Legal AI Glossary
100+ legal AI and legal technology terms explained in plain language for lawyers, paralegals, and legal operations professionals.
Artificial Intelligence (AI)
Computer systems that perform tasks typically requiring human intelligence, such as understanding language, recognising patterns, and making decisions.
Large Language Model (LLM)
An AI model trained on massive text datasets that can generate, summarise, and analyse human language. Examples: GPT-4, Claude, Gemini, LLaMA.
Retrieval-Augmented Generation (RAG)
A technique that combines an LLM with a search system to ground AI responses in specific documents, case law, or statutes rather than relying solely on training data.
Hallucination
When an AI model generates factually incorrect or fabricated information that appears plausible. Critical risk in legal contexts where accuracy is essential.
Prompt Engineering
The practice of crafting input instructions to get better, more accurate responses from AI models. In legal AI, this includes jurisdiction-specific and practice-area prompts.
Vector Embedding
A numerical representation of text that captures semantic meaning, enabling AI to find conceptually similar documents even when they use different words.
Fine-Tuning
Additional training of a pre-trained AI model on domain-specific data (e.g., legal documents) to improve its performance on specialised tasks.

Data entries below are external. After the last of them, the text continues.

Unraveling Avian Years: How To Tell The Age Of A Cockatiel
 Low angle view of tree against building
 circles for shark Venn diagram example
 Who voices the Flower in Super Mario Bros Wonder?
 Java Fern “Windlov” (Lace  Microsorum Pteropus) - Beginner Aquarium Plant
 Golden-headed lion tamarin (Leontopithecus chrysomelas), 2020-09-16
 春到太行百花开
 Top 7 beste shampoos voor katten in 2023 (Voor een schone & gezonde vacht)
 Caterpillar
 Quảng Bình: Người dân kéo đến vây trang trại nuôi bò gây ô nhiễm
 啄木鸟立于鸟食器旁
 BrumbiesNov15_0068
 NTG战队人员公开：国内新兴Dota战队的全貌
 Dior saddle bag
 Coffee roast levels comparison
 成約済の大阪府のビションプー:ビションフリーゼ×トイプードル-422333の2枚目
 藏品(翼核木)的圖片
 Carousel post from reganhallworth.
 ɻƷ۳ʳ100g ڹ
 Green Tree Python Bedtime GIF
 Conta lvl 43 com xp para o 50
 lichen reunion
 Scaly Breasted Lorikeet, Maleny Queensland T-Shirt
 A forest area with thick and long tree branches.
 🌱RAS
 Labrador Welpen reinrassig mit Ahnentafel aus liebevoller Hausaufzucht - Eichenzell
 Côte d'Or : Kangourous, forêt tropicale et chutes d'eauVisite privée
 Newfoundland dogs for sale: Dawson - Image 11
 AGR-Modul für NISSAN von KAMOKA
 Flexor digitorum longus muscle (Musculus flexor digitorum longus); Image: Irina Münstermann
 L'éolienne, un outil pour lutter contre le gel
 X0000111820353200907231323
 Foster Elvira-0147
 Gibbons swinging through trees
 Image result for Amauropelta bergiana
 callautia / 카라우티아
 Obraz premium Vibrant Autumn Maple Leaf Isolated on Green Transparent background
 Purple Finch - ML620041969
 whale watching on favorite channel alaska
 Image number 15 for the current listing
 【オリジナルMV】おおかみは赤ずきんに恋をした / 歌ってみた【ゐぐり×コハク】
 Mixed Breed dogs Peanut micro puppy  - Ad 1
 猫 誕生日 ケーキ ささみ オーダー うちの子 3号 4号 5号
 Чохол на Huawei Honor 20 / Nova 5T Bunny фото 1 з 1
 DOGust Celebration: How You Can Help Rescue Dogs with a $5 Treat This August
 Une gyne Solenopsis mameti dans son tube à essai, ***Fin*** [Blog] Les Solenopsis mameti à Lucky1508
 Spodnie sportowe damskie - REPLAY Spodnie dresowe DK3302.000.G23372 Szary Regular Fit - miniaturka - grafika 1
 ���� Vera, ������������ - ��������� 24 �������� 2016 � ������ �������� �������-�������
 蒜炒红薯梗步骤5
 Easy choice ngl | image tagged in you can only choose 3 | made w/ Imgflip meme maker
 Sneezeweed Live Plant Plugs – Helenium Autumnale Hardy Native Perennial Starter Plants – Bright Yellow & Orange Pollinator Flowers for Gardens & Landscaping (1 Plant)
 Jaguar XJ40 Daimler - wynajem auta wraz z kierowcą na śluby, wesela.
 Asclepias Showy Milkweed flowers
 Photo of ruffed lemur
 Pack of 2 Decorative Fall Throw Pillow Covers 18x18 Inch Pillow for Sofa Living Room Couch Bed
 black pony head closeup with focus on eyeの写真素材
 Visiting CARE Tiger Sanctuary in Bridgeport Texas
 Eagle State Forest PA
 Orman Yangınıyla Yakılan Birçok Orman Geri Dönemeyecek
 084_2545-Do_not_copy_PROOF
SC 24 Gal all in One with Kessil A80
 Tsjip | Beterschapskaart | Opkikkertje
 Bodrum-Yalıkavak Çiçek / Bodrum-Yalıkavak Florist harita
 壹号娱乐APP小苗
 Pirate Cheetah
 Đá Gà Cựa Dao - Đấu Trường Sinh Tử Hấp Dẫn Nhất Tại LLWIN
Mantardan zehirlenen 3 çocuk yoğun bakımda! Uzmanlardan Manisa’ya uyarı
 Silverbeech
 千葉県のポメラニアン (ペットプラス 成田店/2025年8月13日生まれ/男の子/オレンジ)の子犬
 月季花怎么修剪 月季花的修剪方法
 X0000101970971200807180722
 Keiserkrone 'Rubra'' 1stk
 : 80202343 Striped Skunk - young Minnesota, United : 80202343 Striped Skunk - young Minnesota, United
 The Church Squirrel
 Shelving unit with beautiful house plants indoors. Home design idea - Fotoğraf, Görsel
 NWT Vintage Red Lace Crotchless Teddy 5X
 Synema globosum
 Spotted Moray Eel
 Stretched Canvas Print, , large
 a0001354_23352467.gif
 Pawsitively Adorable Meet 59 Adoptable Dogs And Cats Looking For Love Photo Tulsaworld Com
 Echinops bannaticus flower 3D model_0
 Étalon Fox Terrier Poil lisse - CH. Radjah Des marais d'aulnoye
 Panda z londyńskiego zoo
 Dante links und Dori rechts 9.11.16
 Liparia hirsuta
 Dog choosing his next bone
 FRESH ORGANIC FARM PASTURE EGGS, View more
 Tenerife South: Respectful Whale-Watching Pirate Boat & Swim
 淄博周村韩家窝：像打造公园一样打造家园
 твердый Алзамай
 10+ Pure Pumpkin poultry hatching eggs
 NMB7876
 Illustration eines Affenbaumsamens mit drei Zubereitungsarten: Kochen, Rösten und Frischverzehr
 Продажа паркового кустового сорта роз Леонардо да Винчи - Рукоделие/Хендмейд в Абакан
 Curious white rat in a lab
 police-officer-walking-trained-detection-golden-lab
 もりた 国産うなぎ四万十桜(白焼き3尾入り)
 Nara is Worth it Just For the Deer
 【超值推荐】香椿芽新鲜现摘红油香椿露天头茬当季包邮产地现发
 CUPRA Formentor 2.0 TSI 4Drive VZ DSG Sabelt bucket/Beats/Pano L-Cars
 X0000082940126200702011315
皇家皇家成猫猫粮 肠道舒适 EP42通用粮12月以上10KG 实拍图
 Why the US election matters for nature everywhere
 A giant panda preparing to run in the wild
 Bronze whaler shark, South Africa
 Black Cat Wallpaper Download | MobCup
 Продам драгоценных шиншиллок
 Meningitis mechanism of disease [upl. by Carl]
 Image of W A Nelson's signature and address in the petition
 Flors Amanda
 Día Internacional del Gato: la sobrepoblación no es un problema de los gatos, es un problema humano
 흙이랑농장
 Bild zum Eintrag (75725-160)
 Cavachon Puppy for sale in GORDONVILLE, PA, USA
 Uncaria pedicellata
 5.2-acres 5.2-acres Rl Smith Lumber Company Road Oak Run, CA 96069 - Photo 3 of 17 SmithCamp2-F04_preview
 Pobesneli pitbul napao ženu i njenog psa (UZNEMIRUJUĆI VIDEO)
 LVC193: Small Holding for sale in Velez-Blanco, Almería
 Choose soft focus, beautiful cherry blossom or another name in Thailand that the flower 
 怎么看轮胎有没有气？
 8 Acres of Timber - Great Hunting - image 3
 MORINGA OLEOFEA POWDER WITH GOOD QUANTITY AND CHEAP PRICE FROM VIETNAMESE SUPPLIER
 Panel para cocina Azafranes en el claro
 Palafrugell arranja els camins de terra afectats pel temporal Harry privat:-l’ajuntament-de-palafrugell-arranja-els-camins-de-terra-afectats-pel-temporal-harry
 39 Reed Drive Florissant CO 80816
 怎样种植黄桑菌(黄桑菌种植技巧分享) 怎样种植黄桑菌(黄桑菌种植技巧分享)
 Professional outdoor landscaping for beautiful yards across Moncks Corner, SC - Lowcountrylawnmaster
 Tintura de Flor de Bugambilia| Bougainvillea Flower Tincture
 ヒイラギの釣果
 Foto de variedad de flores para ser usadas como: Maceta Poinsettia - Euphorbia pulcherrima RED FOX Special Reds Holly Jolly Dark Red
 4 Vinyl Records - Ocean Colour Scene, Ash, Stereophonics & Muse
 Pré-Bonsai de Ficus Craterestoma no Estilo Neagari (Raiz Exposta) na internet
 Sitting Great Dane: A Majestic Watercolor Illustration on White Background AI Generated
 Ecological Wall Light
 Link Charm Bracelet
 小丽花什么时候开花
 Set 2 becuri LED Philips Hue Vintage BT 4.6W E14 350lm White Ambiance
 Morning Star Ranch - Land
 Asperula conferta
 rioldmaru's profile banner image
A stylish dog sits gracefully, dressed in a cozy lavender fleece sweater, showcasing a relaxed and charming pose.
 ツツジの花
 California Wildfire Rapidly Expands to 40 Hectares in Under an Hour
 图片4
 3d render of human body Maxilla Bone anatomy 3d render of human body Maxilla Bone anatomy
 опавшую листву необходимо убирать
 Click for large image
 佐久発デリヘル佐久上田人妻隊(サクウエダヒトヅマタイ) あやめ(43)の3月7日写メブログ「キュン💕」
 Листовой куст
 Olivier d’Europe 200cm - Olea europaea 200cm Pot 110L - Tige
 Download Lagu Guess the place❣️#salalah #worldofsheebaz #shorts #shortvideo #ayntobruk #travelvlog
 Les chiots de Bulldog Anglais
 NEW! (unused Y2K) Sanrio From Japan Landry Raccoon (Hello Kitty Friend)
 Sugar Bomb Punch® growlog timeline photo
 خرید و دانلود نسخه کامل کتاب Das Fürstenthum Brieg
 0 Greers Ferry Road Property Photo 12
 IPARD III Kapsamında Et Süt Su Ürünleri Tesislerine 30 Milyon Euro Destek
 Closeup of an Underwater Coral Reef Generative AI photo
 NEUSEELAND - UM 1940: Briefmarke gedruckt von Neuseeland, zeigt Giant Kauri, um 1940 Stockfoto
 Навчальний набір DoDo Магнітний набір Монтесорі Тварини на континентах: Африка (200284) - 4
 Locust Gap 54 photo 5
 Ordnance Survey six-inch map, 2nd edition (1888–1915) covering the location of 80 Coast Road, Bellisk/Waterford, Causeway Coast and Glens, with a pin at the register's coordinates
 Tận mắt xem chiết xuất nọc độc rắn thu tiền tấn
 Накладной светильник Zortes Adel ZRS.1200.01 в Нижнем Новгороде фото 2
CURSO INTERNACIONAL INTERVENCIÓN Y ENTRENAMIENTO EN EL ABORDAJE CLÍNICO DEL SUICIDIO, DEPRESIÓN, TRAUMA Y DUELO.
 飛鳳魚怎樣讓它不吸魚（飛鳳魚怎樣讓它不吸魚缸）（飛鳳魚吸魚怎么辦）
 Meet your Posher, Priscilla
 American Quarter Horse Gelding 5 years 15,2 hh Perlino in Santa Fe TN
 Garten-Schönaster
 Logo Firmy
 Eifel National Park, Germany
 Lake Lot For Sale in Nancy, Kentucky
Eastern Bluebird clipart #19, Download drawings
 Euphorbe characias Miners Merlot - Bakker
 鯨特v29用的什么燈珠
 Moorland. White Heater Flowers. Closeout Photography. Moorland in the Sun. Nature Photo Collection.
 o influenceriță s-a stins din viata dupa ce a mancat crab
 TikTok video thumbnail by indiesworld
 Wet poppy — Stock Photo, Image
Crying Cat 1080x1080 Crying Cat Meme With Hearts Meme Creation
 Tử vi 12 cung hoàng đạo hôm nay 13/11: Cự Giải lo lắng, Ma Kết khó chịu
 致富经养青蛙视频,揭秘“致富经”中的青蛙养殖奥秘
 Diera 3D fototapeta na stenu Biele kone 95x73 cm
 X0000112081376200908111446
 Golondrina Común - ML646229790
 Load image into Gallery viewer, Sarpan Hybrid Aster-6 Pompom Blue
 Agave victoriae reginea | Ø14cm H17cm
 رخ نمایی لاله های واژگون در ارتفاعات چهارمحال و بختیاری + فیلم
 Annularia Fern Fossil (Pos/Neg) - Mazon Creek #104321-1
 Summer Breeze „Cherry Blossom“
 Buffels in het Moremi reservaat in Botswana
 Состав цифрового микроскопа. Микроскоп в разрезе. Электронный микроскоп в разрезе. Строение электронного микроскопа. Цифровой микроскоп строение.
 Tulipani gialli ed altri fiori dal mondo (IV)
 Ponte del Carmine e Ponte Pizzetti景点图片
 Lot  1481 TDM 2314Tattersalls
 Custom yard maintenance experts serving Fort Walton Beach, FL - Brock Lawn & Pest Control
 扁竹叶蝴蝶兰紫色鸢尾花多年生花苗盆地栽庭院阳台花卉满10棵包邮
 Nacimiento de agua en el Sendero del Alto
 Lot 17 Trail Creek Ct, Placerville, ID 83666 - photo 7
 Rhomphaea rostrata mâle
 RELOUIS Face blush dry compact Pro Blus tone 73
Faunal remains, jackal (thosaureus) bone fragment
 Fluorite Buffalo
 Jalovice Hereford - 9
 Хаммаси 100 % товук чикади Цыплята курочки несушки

Natural Language Processing (NLP)
A branch of AI focused on enabling computers to understand, interpret, and generate human language. Core technology behind legal document analysis.
Optical Character Recognition (OCR)
Technology that converts scanned documents, PDFs, and images into machine-readable text. Essential for digitising legacy legal documents.
BYOK (Bring Your Own Key)
An architecture where law firms use their own AI provider API keys, ensuring complete control over data routing, costs, and provider selection.
Token
The basic unit of text that LLMs process. Roughly equivalent to ¾ of a word. Token limits determine how much text an AI can process in a single request.
Context Window
The maximum amount of text an LLM can consider at once, measured in tokens. Larger context windows allow analysis of longer documents.
Temperature
A parameter controlling AI response randomness. Lower temperature (0.0–0.3) produces more deterministic, consistent outputs preferred for legal work.
Inference
The process of running input data through a trained AI model to generate output. Each AI query involves an inference step.
Agentic AI
AI systems that can plan and execute multi-step tasks autonomously, such as researching a legal question, drafting a memo, and filing it — with minimal human intervention.
Semantic Search
Search that understands the meaning behind queries rather than just matching keywords. Finds relevant case law even when exact terms differ from the search query.
Machine Learning (ML)
A subset of AI where systems learn from data to improve performance over time without being explicitly programmed for each task.
Data Residency
The physical or geographic location where data is stored. Important for GDPR, data sovereignty laws, and client confidentiality requirements.
Encryption at Rest
Protecting stored data by encoding it so it cannot be read without the decryption key. Standard requirement for legal data security.
Encryption in Transit
Protecting data as it moves between systems (e.g., between a lawyer's browser and the server) using protocols like TLS 1.3.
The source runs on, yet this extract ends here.